◆ What the task requires: Look for "Case" in the records and copy every line that has it.

++++

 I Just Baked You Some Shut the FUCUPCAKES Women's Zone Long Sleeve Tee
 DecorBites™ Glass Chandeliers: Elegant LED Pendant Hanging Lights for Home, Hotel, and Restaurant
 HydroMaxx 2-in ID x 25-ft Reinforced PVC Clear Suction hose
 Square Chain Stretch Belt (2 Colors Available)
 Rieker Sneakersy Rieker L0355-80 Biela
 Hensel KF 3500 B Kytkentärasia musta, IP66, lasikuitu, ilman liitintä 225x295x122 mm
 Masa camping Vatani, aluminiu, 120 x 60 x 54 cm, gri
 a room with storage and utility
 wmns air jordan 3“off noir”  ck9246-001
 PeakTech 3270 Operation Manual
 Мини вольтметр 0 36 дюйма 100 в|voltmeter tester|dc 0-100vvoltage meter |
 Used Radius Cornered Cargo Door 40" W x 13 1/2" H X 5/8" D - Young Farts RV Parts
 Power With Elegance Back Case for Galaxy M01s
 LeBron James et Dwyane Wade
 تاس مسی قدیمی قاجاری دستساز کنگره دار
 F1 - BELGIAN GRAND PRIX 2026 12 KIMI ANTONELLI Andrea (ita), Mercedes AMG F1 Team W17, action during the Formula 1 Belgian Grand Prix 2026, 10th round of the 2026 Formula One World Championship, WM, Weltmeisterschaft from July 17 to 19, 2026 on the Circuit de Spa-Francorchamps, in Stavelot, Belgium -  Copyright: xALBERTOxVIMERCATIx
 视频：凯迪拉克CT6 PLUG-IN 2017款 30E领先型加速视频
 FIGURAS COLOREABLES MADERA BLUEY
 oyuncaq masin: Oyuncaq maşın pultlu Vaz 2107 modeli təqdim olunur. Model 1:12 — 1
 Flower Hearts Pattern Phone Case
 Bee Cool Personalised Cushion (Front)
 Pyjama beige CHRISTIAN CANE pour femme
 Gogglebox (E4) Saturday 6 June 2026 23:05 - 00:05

++++

◆ Exercise solution:
 Power With Elegance Back Case for Galaxy M01s
 Flower Hearts Pattern Phone Case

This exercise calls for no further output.